Weapon	Damage	Acc	Range	Empty Weight	RoF	Shots	WPS
Small Water Cannon	4d Special	-	40/60	20+0.25S	Jet	S	4.25
Medium Water Cannon	4d Special	-	55/80	40+0.25S	Jet	S	4.25
Large Water Cannon	4d Special	-	80/120	80+0.25S	Jet	S	4.25

 

            A water cannon is treated as a jet (4e p.B106) but using the 1/2D and Max ranges given on the table. It does no damage and instead has a knockback effect. It does the equivalent of up to 4d damage for calculating knockback.

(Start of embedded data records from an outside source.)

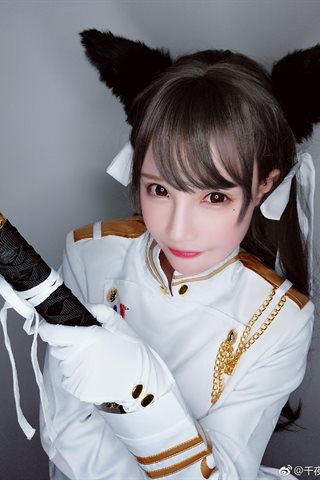 千夜未来-千夜未来散图 - 0325.jpg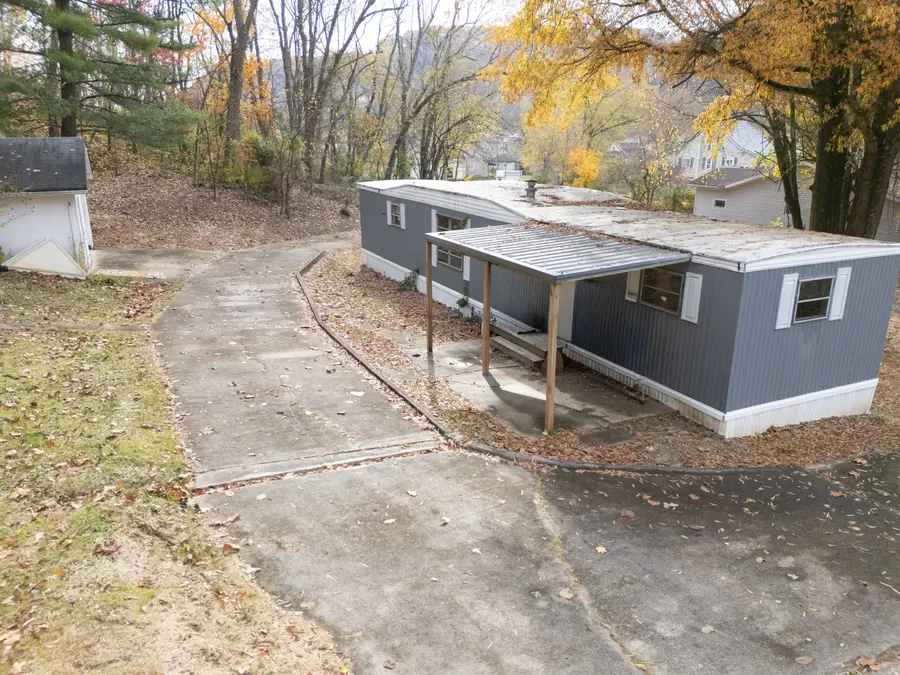 2112 Canter Drive, Portsmouth, OH 45662 - Image #2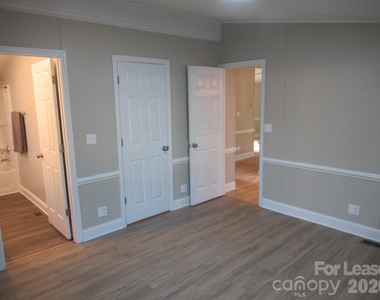 2864 Union Church Road - Photo Thumbnail 12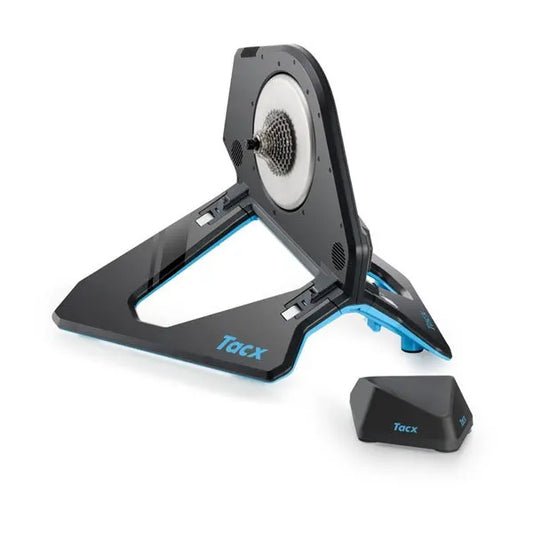 Home trainer Tacx  NEO 2T Smart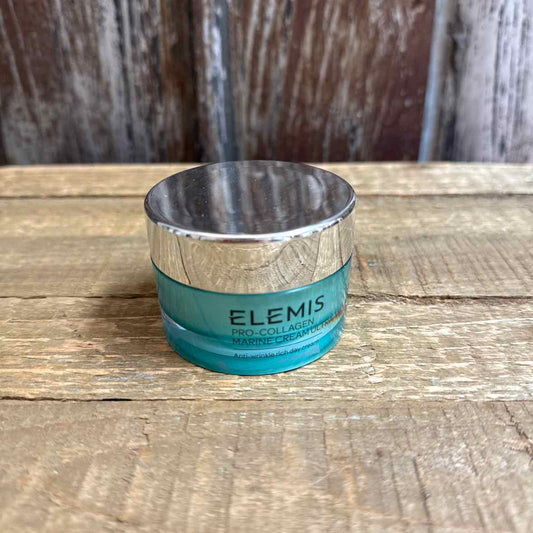 Elemis Anti-Wrinkle Cream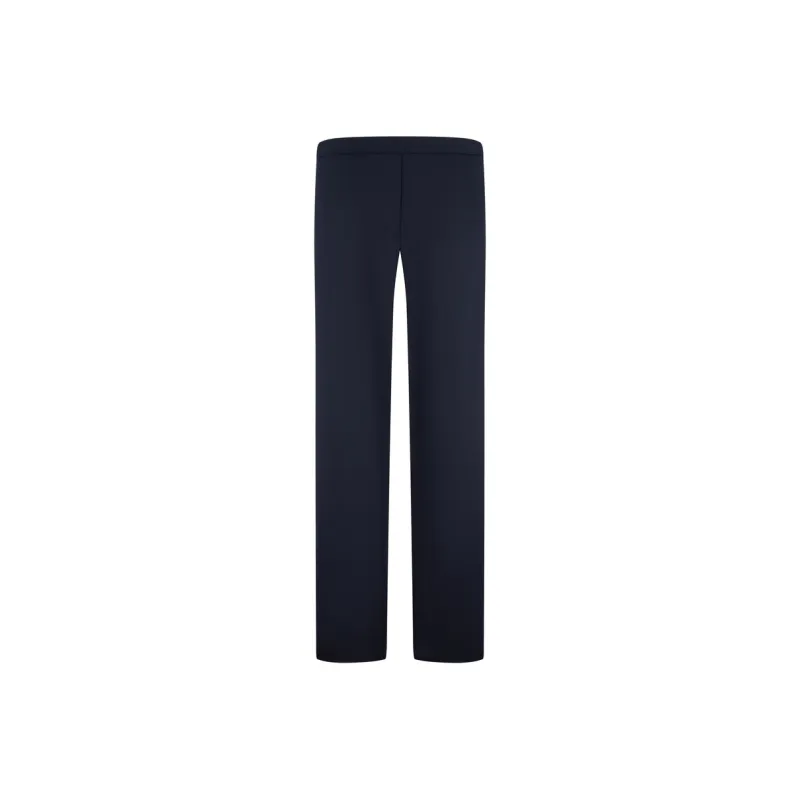 Tommy Hilfiger Casual Pants Women's-0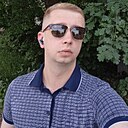 Богдан, 33 года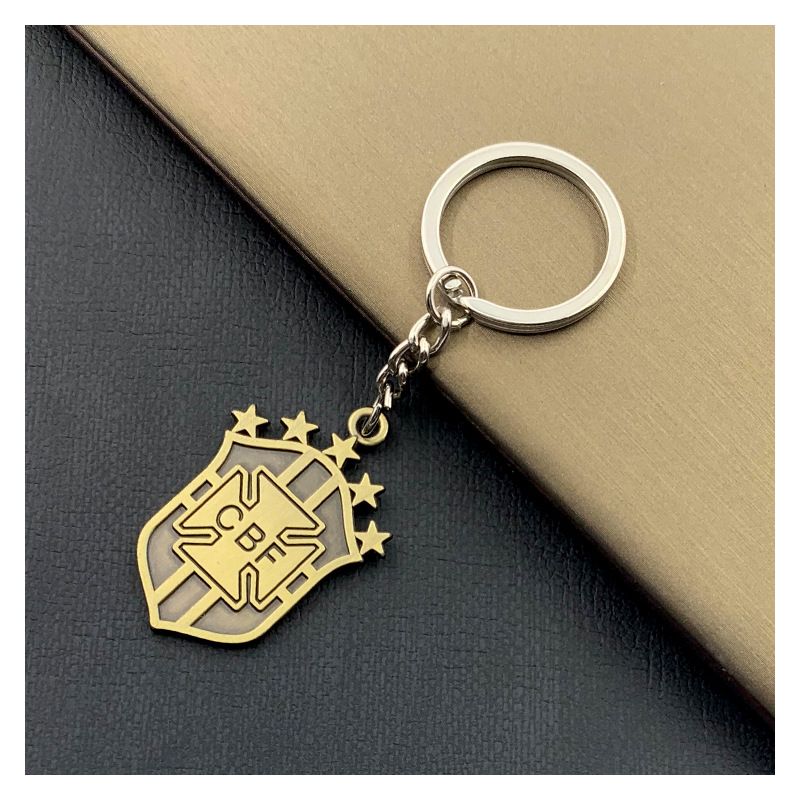 Keychain_1 image 5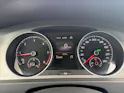 VW Golf VII Variant 2.0 TDI Comfortline DSG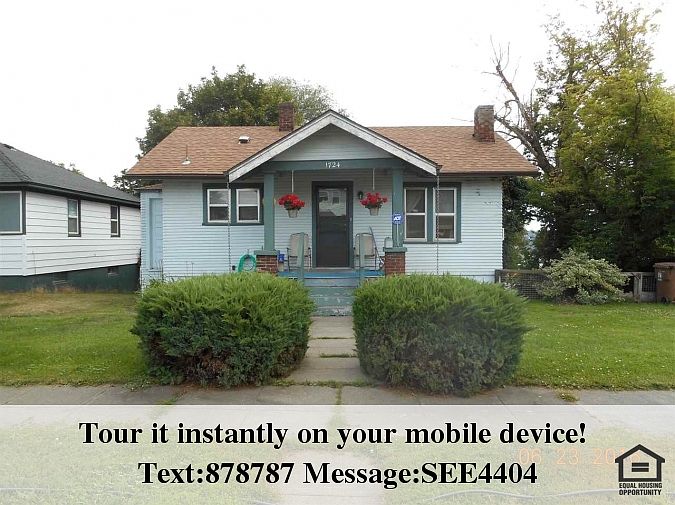1st image of 1724 E Liberty Ave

            Knockback rules are for every full multiple of the target’s ST-2 rolled, move the target one hex away from the water cannon. A target that has no ST or is not resisting uses HP instead (4e p.B378). Knockback into something hard may cause actual damage. (GURPS Vehicles 3e suggests 1d per 2.5 hex of knockback).

            Potentially a water cannon can have dyes, irritants or malodorants added to the water. Some versions have a separate reservoir allowing the operator to only use additives when desired. In practice such additives are seldom used since their use in a water cannon can result in a major clean-up problem!

Brine-Thrower.

            The availability of compact, efficient refrigeration units allowed the development of a variant known as a brine-thrower. The addition of additives such as salt to the water allows it to remain liquid when chilled to below normal freezing point. Treat as a normal water cannon but with a follow-on effect similar to being immersed in arctic seawater. Every minute roll against health or lose 1 FP. Normal clothing, including winter clothing provides no defence. A diver’s drysuit, high levels of cold tolerance or something water-tight such as a battle-suit may provide some protection.